Analysis of repeat elements

Repetitive sequences in the chloroplast genome play an important key role in the genome rearrangement and stabilization, and they provide important information for understanding the evolutionary history of plant species and sequence divergence^48,49,50. SSRs or microsatellites, and dispersed long repeats were the two main motifs in the chloroplast genomes.

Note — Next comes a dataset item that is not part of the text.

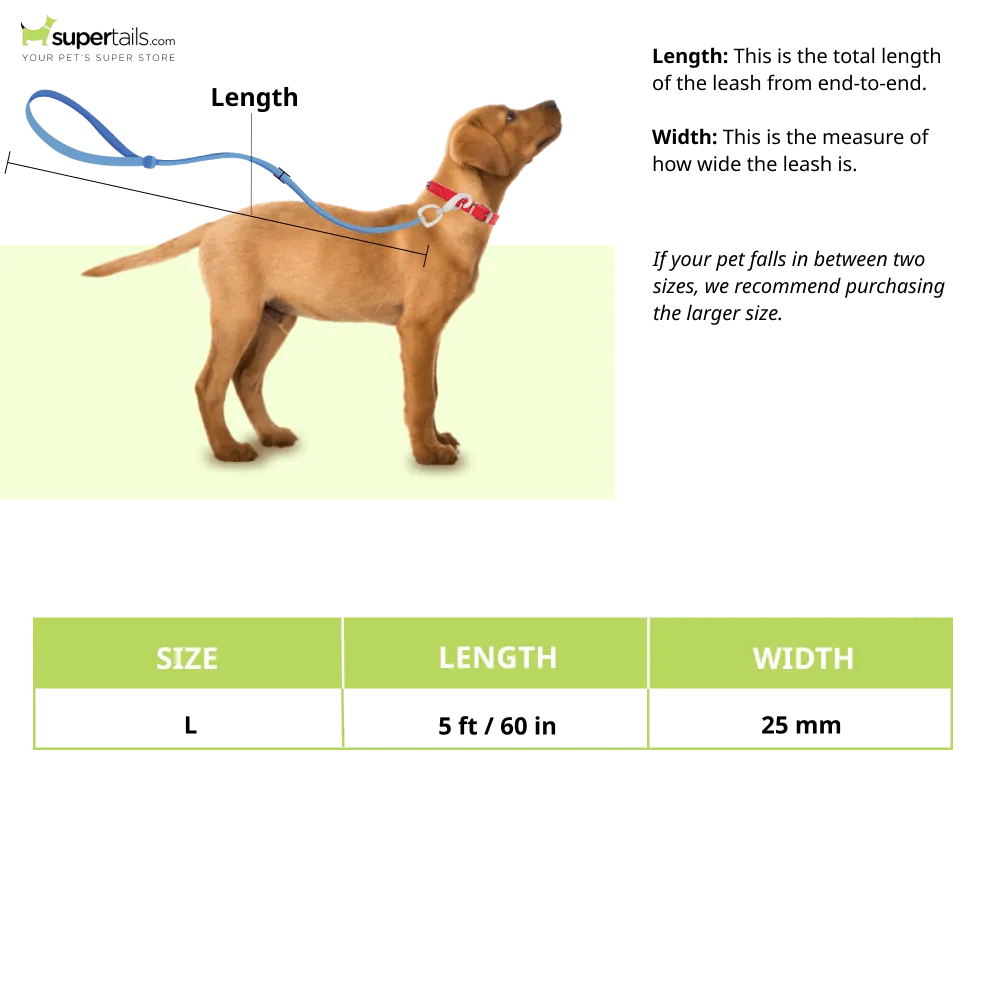A Plus A Pets Dual Handle Bungee Leash for Dogs (Green)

SSRs are important co-dominant molecular markers for evaluating germplasm, establishing phylogenetic and evolutionary relationships⁵¹, and they are widely present in the chloroplast genome⁴¹. Using GMAT analysis, mono-, di-, trin-, tetra-, penta-, and hexa-nucleotide SSRs were detected in every species, and each Chaenomeles chloroplast genome was found to contain 91 (C. thibetica) to 94 (C. cathayensis) SSRs. The number of SSRs are slightly lower than those reported in previous Rosaceae chloroplast genome studies with Hagenia (172)³⁶ and Rubus (116)³⁷.

All five Chaenomeles chloroplast genome had five types of SSRs, excluding the hexanucleotide SSR (Fig. 4a). In the five species examined, most of the SSRs were mononucleotide SSR (73.40%, 77.53%, 74.71%, 73.91%, and 73.63% in C. cathayensis, C. japonica, C. sinensis, C. speciosa, C. thibetica, respectively). SSRs were distributed more widely throughout the chloroplast genomes, and were usually located in the LSC regions (78.02–83.90%, Fig. 4b). Most of the SSRs were found in spacer regions (80.46–84.27%, Fig. 4c); only a few were located in the coding regions.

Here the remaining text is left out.